# [Data section]
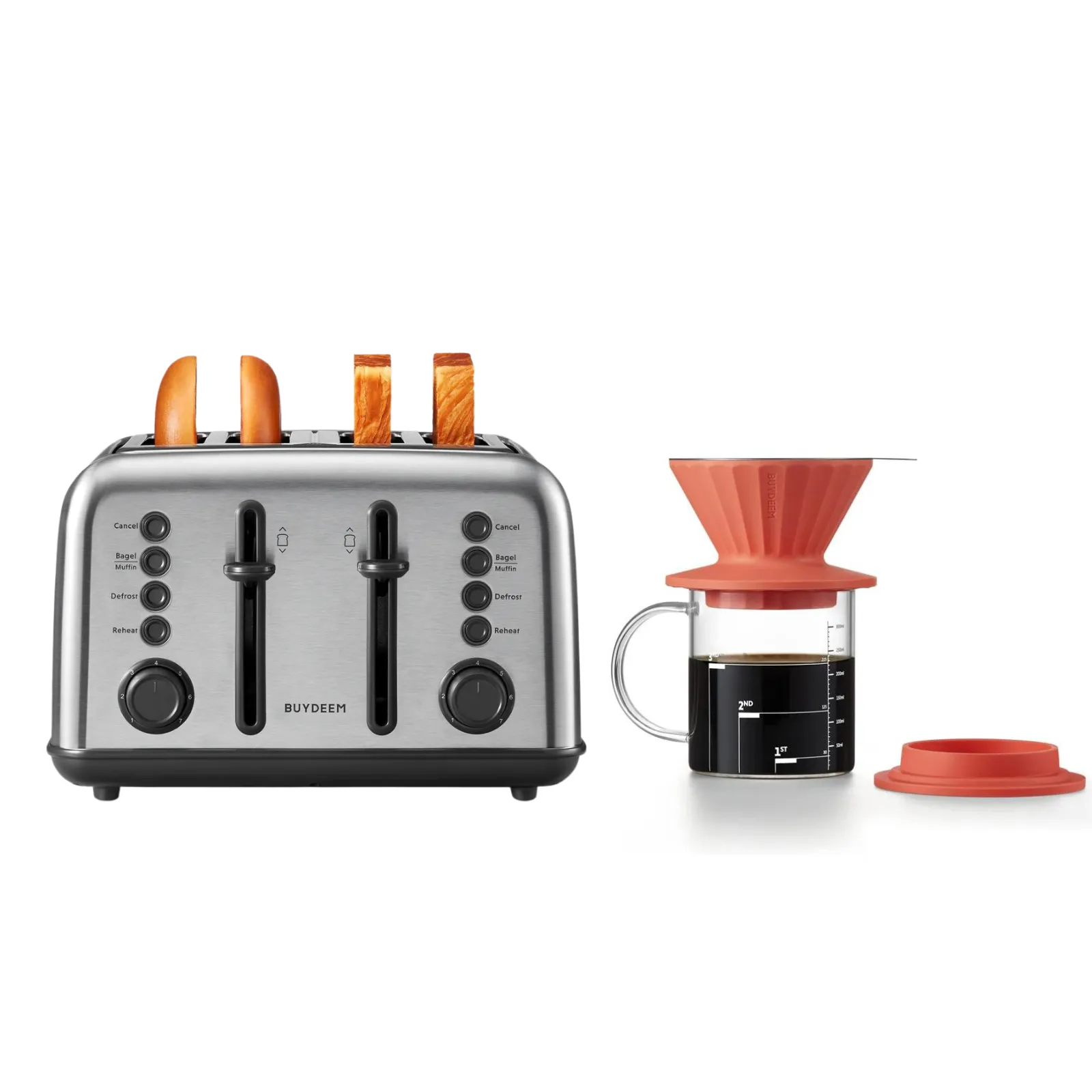 4-Slice Toaster with Coffee Dripper Set - Bundle Offer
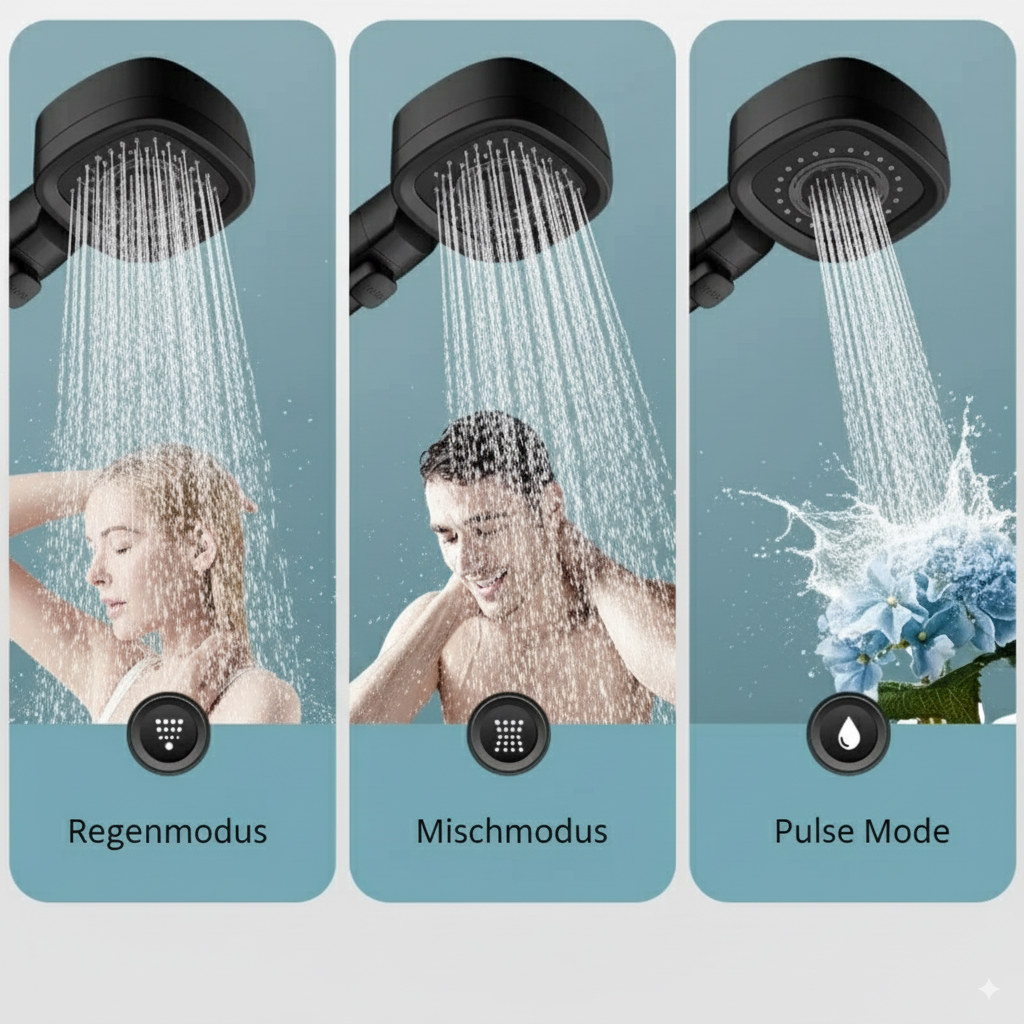 HydraFlow hogedruk douchekop – 3 straalsoorten, waterbesparend & robuust ABS-materiaal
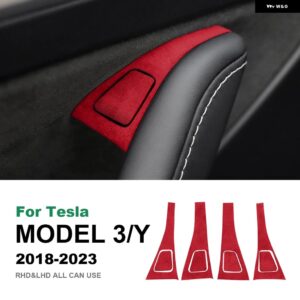 テスラ モデル 3 モデル Y 2018-2023 イタリアスーパースエード窓スイッチボタンステッカー ドア昇降コントロールパネルアクセサリー カ - red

# [Exercise]
Return the material above in exact form. Pictures stay out.

# [Task output]
 4-Slice Toaster with Coffee Dripper Set - Bundle Offer
 HydraFlow hogedruk douchekop – 3 straalsoorten, waterbesparend & robuust ABS-materiaal
 テスラ モデル 3 モデル Y 2018-2023 イタリアスーパースエード窓スイッチボタンステッカー ドア昇降コントロールパネルアクセサリー カ - red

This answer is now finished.